As a sophomore in 1952, Ingram was selected as an All-SEC defensive back.  In December 1952, the United Press International ran a feature story on Ingram calling him the "Tide's Honorable Thief," due to his talent for intercepting passes.  The story gave warning to Alabama's Orange Bowl opponent, "Pre-Orange Bowl warning to Syracuse: beware of Cecil Ingram, an honorable thief.  The slender Alabama sophomore safetyman stole more passes thrown by opponents than any other man in the Southeastern Conference this year."  His ten interceptions for 162 yards in 1952 (including two returned for touchdowns) tied the Southeastern Conference record for interceptions in a season.  He added an eleventh interception in the 1953 Orange Bowl game on January 1, 1953, as Alabama crushed Syracuse 61–6.  He also set an Alabama Orange Bowl record with an 80-yard punt return in the 1953 Orange Bowl.

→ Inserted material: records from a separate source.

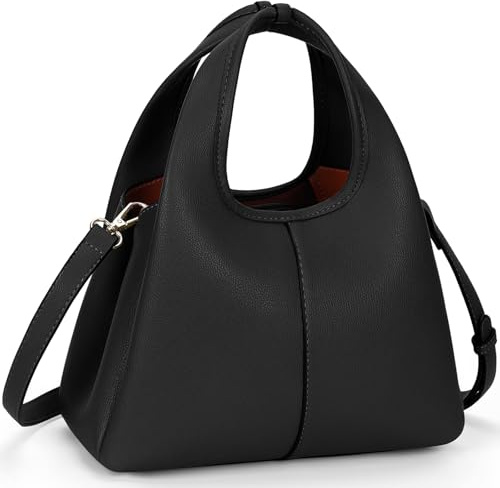 Damen Top Handle Handtasche Kleine Satchel Taschen Trendy Hobo Geldbörse Crossbody Bag Kunstleder Schultertasche Satchel Geldbörse, Schwarz, Small, modisch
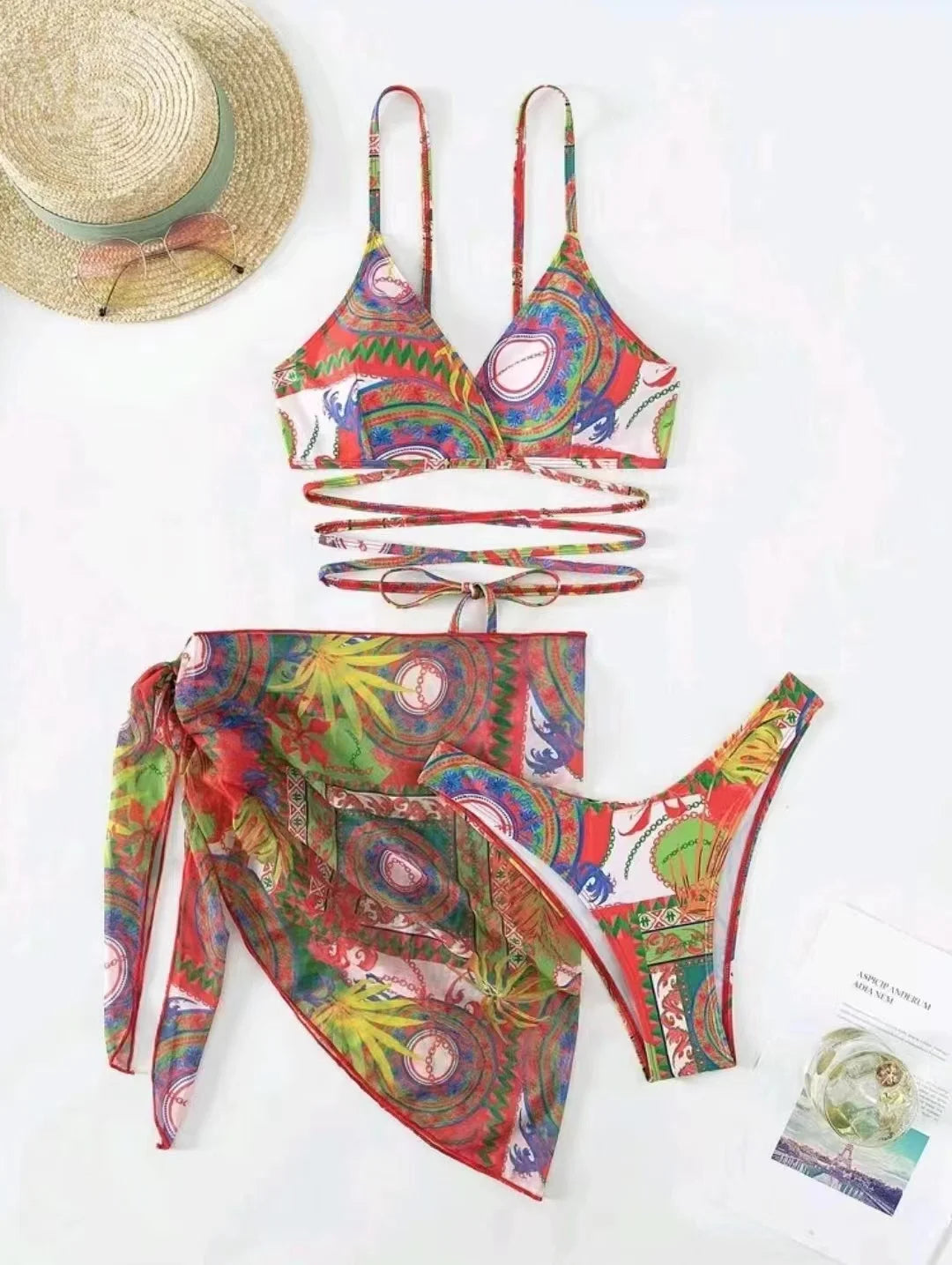 3 Pieces String Bikinis 2025 Women Sexy Swimsuit With Skirt Printed Swimwear Female Bathers Bathing Swimming Swim Suit Beachwear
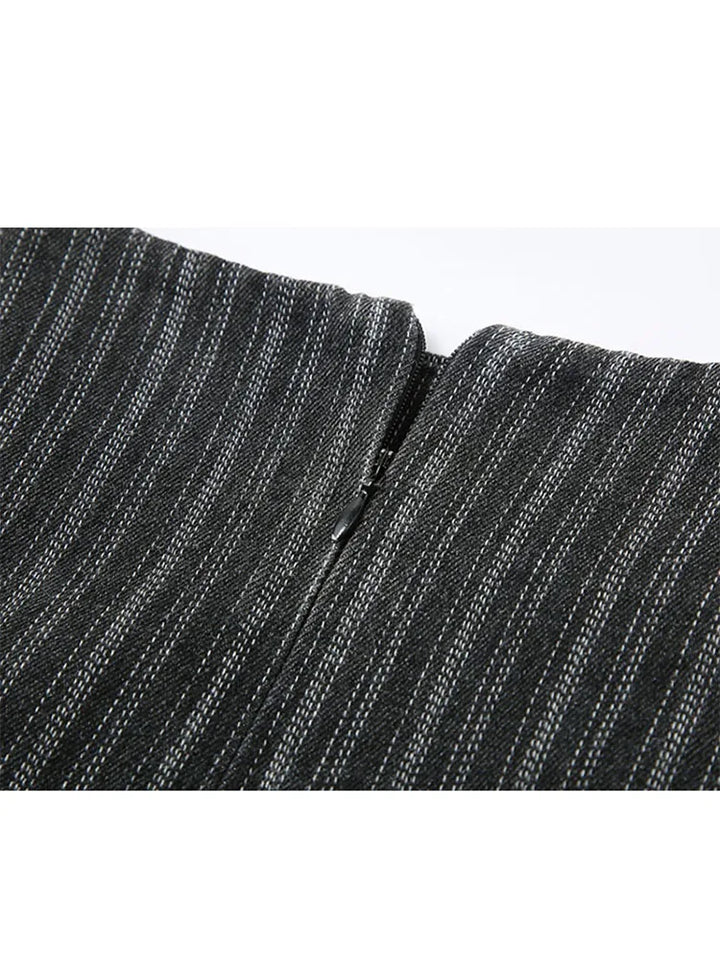 Y2K Stripe Bandage Mini Skirt     - VILIVAUN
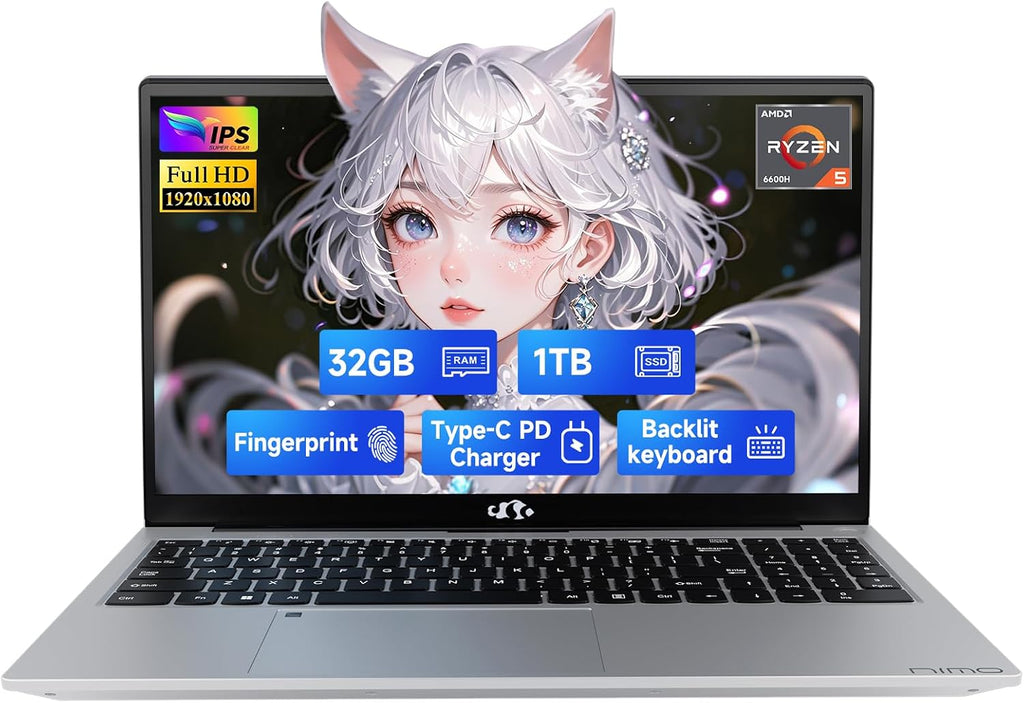 NIMO 15.6' IPS FHD-Gaming-Laptop, 6 Cores AMD Ryzen 5 6600H 32GB DDR5 RAM 1TB SSD (Beat i7-1165G7, Up to 4.5GHz) AMD Radeon 660M GPU-Computer with 100W GaN Type-C Backlit Keyboard Fingerprint Win 11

During the 1953 football season, Ingram was moved to the quarterback position on an Alabama team that included Pro Football Hall of Fame quarterback Bart Starr.  He also played at the halfback position in 1953.

As a senior in 1954, Ingram played at the halfback position, with Bart Starr filling the quarterback position for the Crimson Tide.  In September 1954, he ran 68 yards for a touchdown against LSU.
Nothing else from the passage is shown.